Brain cancer is a disease of the brain where cancer cells (malignant) grow in the brain tissue. Cancer cells grow to form a mass of cancer tissue (tumor) that interferes with brain tissue functions such as muscle control, sensation, memory, and other normal body functions.
Tumors composed of cancer cells are called malignant tumors, and those composed of noncancerous cells are called benign tumors. Cancer cells that develop from brain tissue are called primary brain tumors.
Surgery, radiation therapy, and chemotherapy are the most common treatments for most brain cancers. Individual treatment plans often include a combination of these treatments.
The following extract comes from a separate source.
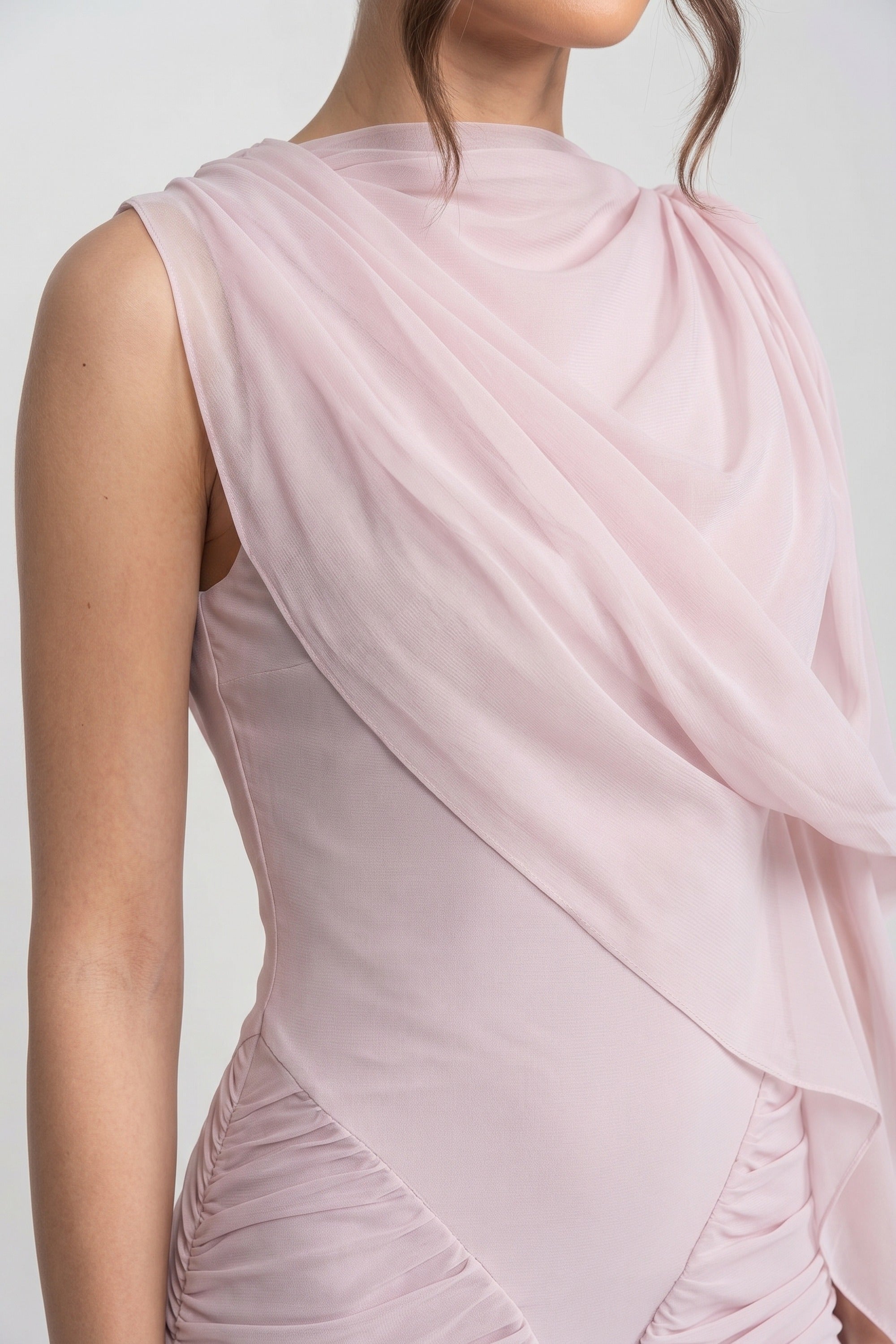 One-Shoulder drapiertes Maxi-Kleid mit transparentem Schal-Detail - Pink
Spine cancer begins in the spinal column (backbone) or spinal cord. The spinal column is made up of linked bones, called vertebrae. The spinal cord is a column of nerve tissue that runs from the base of the skull down the back. It is surrounded by three protective membranes, and is enclosed within the vertebrae. Many different types of cancer may form in the bones, tissues, fluid, or nerves of the spine.
Spinal cord tumors can be either primary (originating in the spinal cord) or secondary (metastases of cancer that originated elsewhere in the body).
The goal of treatment is to remove or destroy as much of the tumor as possible while protecting the healthy tissue around it. Treatment for brain and spinal cord tumors can involve a combination of therapies, including surgery, radiation, and chemotherapy.